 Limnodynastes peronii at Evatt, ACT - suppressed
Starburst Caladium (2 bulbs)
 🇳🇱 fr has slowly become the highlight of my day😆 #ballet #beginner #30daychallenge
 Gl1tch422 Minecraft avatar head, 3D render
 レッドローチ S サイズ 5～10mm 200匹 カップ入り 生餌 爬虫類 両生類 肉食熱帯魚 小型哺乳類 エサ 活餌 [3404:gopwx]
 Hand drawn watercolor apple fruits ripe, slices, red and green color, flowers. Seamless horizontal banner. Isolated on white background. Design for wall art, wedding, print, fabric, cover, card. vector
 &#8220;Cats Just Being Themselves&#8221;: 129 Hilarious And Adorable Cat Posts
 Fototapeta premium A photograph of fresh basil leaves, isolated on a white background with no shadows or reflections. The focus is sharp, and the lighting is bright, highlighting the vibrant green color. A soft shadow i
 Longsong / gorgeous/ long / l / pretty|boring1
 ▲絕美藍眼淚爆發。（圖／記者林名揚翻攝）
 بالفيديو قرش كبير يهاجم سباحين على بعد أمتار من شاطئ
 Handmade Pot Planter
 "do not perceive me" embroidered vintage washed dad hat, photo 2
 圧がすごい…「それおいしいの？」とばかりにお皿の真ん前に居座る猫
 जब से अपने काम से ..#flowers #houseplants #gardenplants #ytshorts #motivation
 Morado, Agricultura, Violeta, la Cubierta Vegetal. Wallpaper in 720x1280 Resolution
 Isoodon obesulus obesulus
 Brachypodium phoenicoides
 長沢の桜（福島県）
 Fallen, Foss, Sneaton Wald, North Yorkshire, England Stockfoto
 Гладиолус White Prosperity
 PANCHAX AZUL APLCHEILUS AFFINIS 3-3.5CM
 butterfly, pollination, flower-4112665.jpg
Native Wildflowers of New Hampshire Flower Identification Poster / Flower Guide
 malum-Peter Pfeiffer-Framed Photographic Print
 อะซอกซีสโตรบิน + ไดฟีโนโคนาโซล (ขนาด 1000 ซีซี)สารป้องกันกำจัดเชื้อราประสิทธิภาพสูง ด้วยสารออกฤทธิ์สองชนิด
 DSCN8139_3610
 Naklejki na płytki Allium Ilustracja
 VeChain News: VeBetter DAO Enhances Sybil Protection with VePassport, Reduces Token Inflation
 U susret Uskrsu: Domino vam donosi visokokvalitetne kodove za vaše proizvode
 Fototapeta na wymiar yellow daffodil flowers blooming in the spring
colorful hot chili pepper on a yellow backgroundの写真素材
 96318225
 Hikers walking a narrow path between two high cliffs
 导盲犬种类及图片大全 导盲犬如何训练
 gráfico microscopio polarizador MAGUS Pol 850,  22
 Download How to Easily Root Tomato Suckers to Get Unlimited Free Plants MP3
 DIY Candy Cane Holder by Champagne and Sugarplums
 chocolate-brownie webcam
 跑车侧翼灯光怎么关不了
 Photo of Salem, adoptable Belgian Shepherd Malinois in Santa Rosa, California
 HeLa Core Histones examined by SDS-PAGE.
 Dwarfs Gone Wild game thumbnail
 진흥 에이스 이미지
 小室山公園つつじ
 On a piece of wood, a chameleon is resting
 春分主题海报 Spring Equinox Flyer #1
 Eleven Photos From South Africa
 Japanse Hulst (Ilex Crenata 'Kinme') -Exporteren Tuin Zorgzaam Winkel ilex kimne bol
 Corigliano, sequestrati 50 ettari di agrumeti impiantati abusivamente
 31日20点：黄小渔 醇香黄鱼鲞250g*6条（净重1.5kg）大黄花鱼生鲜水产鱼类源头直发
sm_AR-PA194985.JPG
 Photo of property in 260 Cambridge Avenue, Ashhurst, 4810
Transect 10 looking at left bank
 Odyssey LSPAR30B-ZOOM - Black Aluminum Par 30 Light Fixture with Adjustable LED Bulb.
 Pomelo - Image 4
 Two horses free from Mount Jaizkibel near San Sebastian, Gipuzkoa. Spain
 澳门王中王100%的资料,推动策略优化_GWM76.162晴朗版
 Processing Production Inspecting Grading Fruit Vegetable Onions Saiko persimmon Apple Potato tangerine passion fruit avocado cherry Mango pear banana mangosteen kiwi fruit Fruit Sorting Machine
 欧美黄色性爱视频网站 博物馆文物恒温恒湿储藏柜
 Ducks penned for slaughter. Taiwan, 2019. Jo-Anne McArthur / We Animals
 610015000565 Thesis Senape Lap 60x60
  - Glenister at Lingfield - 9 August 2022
——————————
What to do | Print all records shown above, word for word.

Task result |
 Limnodynastes peronii at Evatt, ACT - suppressed
Starburst Caladium (2 bulbs)
 🇳🇱 fr has slowly become the highlight of my day😆 #ballet #beginner #30daychallenge
 Gl1tch422 Minecraft avatar head, 3D render
 レッドローチ S サイズ 5～10mm 200匹 カップ入り 生餌 爬虫類 両生類 肉食熱帯魚 小型哺乳類 エサ 活餌 [3404:gopwx]
 Hand drawn watercolor apple fruits ripe, slices, red and green color, flowers. Seamless horizontal banner. Isolated on white background. Design for wall art, wedding, print, fabric, cover, card. vector
 &#8220;Cats Just Being Themselves&#8221;: 129 Hilarious And Adorable Cat Posts
 Fototapeta premium A photograph of fresh basil leaves, isolated on a white background with no shadows or reflections. The focus is sharp, and the lighting is bright, highlighting the vibrant green color. A soft shadow i
 Longsong / gorgeous/ long / l / pretty|boring1
 ▲絕美藍眼淚爆發。（圖／記者林名揚翻攝）
 بالفيديو قرش كبير يهاجم سباحين على بعد أمتار من شاطئ
 Handmade Pot Planter
 "do not perceive me" embroidered vintage washed dad hat, photo 2
 圧がすごい…「それおいしいの？」とばかりにお皿の真ん前に居座る猫
 जब से अपने काम से ..#flowers #houseplants #gardenplants #ytshorts #motivation
 Morado, Agricultura, Violeta, la Cubierta Vegetal. Wallpaper in 720x1280 Resolution
 Isoodon obesulus obesulus
 Brachypodium phoenicoides
 長沢の桜（福島県）
 Fallen, Foss, Sneaton Wald, North Yorkshire, England Stockfoto
 Гладиолус White Prosperity
 PANCHAX AZUL APLCHEILUS AFFINIS 3-3.5CM
 butterfly, pollination, flower-4112665.jpg
Native Wildflowers of New Hampshire Flower Identification Poster / Flower Guide
 malum-Peter Pfeiffer-Framed Photographic Print
 อะซอกซีสโตรบิน + ไดฟีโนโคนาโซล (ขนาด 1000 ซีซี)สารป้องกันกำจัดเชื้อราประสิทธิภาพสูง ด้วยสารออกฤทธิ์สองชนิด
 DSCN8139_3610
 Naklejki na płytki Allium Ilustracja
 VeChain News: VeBetter DAO Enhances Sybil Protection with VePassport, Reduces Token Inflation
 U susret Uskrsu: Domino vam donosi visokokvalitetne kodove za vaše proizvode
 Fototapeta na wymiar yellow daffodil flowers blooming in the spring
colorful hot chili pepper on a yellow backgroundの写真素材
 96318225
 Hikers walking a narrow path between two high cliffs
 导盲犬种类及图片大全 导盲犬如何训练
 gráfico microscopio polarizador MAGUS Pol 850,  22
 Download How to Easily Root Tomato Suckers to Get Unlimited Free Plants MP3
 DIY Candy Cane Holder by Champagne and Sugarplums
 chocolate-brownie webcam
 跑车侧翼灯光怎么关不了
 Photo of Salem, adoptable Belgian Shepherd Malinois in Santa Rosa, California
 HeLa Core Histones examined by SDS-PAGE.
 Dwarfs Gone Wild game thumbnail
 진흥 에이스 이미지
 小室山公園つつじ
 On a piece of wood, a chameleon is resting
 春分主题海报 Spring Equinox Flyer #1
 Eleven Photos From South Africa
 Japanse Hulst (Ilex Crenata 'Kinme') -Exporteren Tuin Zorgzaam Winkel ilex kimne bol
 Corigliano, sequestrati 50 ettari di agrumeti impiantati abusivamente
 31日20点：黄小渔 醇香黄鱼鲞250g*6条（净重1.5kg）大黄花鱼生鲜水产鱼类源头直发
sm_AR-PA194985.JPG
 Photo of property in 260 Cambridge Avenue, Ashhurst, 4810
Transect 10 looking at left bank
 Odyssey LSPAR30B-ZOOM - Black Aluminum Par 30 Light Fixture with Adjustable LED Bulb.
 Pomelo - Image 4
 Two horses free from Mount Jaizkibel near San Sebastian, Gipuzkoa. Spain
 澳门王中王100%的资料,推动策略优化_GWM76.162晴朗版
 Processing Production Inspecting Grading Fruit Vegetable Onions Saiko persimmon Apple Potato tangerine passion fruit avocado cherry Mango pear banana mangosteen kiwi fruit Fruit Sorting Machine
 欧美黄色性爱视频网站 博物馆文物恒温恒湿储藏柜
 Ducks penned for slaughter. Taiwan, 2019. Jo-Anne McArthur / We Animals
 610015000565 Thesis Senape Lap 60x60
  - Glenister at Lingfield - 9 August 2022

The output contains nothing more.